Le 17 février dernier, Sherritt a temporairement suspendu l'extraction à Moa en raison d'un manque de carburant signalé par les autorités cubaines, passant en mode de maintenance.
Depuis des mois, Sherritt avait déjà reconnu des défis opérationnels significatifs liés à la crise économique, à la rareté des devises et aux problèmes énergétiques. La production de nickel et de cobalt en 2025 a chuté en dessous des niveaux de l'année précédente et des prévisions initiales, affectée par la crise énergétique, des retards dans les approvisionnements et les dommages causés par l'ouragan Melissa en octobre 2025.
Pour stabiliser ses finances, l'entreprise a complété en avril 2025 une reestructuration de la dette qui a prolongé les échéances jusqu'en novembre 2031 et a réduit son fardeau de 68 millions de dollars.
Le contexte structurel aggrave encore le tableau. À la fin de 2025, le régime cubain a formalisé le gel des comptes bancaires en devises de toutes les entreprises étrangères, empêchant les retraits et les transferts vers l'étranger. La mesure affecte 334 entreprises avec investissement étranger direct, dont 56 avec un capital entièrement étranger.

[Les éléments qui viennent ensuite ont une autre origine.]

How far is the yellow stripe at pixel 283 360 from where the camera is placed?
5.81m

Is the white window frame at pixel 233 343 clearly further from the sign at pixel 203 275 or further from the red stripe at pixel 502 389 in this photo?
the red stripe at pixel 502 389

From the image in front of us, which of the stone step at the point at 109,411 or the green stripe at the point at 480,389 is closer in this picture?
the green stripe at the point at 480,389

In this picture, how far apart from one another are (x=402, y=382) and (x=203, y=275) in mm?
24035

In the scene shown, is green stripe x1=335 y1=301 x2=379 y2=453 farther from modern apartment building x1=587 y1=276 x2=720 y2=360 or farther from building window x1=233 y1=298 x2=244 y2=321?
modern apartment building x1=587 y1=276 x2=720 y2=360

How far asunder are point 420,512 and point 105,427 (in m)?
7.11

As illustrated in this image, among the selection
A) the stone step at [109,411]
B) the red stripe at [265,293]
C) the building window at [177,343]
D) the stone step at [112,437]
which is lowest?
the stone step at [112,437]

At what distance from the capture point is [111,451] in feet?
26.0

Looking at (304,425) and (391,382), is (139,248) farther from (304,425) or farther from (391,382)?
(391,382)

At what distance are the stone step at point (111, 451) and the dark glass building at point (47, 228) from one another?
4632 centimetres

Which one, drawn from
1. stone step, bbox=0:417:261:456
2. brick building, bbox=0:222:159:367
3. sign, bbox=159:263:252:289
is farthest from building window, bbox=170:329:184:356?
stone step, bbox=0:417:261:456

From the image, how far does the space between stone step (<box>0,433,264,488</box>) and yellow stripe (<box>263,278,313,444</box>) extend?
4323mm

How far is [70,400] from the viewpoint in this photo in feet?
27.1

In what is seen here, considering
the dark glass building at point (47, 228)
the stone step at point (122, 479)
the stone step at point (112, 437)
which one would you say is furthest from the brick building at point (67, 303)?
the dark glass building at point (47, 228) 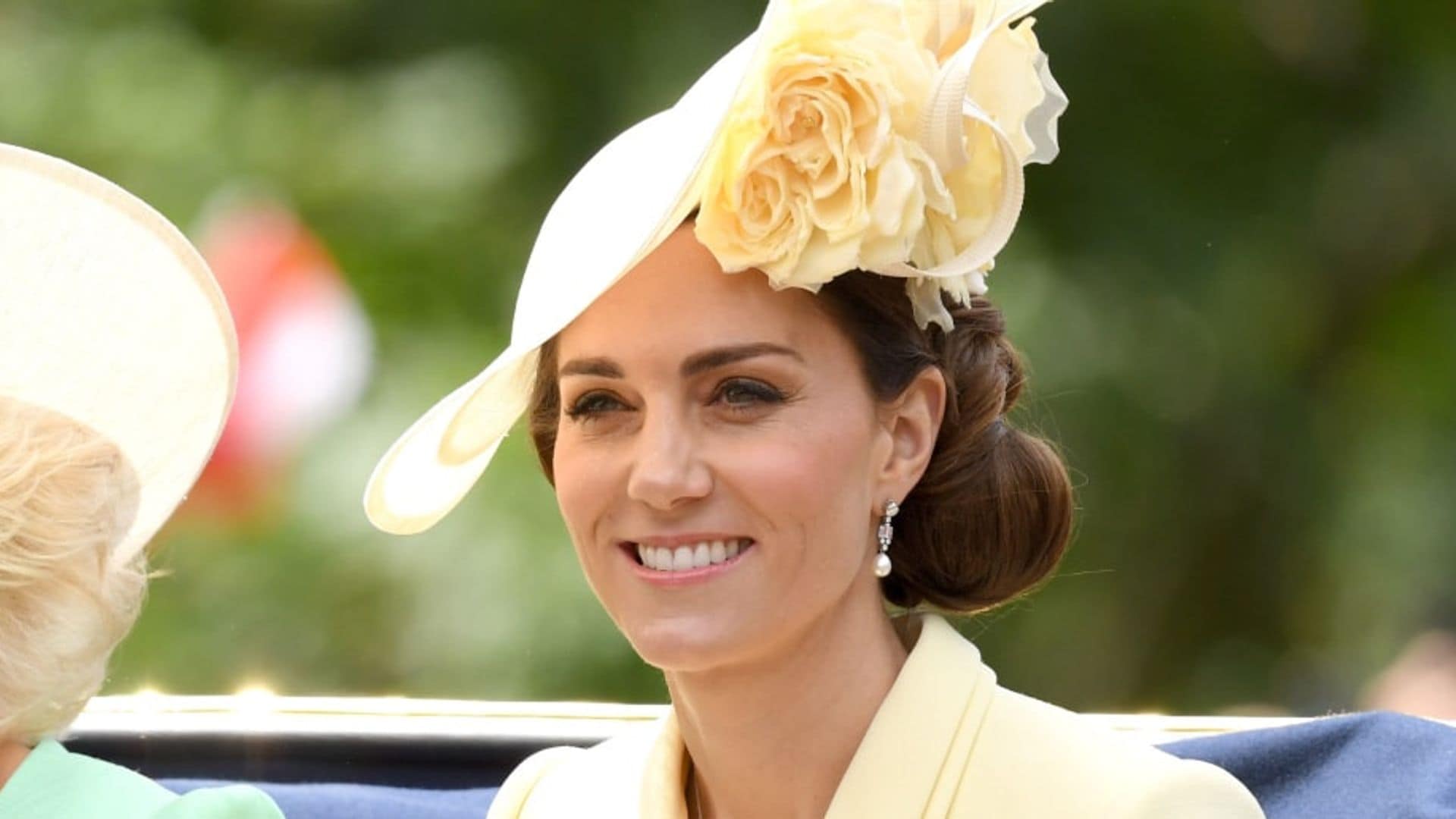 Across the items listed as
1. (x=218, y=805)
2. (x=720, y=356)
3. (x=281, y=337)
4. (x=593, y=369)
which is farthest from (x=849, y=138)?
(x=281, y=337)

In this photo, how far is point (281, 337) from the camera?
14.4 feet

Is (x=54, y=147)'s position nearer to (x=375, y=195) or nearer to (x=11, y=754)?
(x=375, y=195)

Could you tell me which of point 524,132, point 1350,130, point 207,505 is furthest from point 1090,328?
point 207,505

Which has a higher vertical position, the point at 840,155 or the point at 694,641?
the point at 840,155

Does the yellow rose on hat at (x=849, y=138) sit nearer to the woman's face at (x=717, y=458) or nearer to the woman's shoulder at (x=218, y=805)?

"Il n'y a pas de clarté. Personne ne connaît les règles", a résumé un investisseur cité par The Economist. On soupçonne que le régime redirige ces fonds pour financer des importations en raison de l'illiquidité absolue du système bancaire.
Mais le problème va au-delà de l'économique. Le risque politique commence à s'imposer comme la plus grande menace. Beaucoup de ces investissements sont liés à des propriétés expropriées après la révolution, ce qui ouvre la porte à des réclamations légales, surtout dans un contexte où les États-Unis pourraient influencer de manière décisive toute transition future sur l'île.
À cela s'ajoute l'exposition de ces entreprises à d'éventuelles poursuites pour exploitation du travail et dommages environnementaux, découlant des pratiques structurelles du système cubain, telles que la retenue étatique des salaires des travailleurs employés par des entreprises étrangères.
En parallèle, le régime insiste sur le fait d'attribuer la crise à l'embargo américain, tandis que les voix se multiplient pour souligner l'inefficacité interne et des décennies de mauvaise gestion comme causes centrales de l'effondrement.
Pour de nombreux analystes, le message est clair : la crise cubaine est entrée dans une phase où elle n'expulse plus seulement sa population, mais également ceux qui ont misé sur des affaires dans un système qui montre désormais des signes évidents d'épuisement.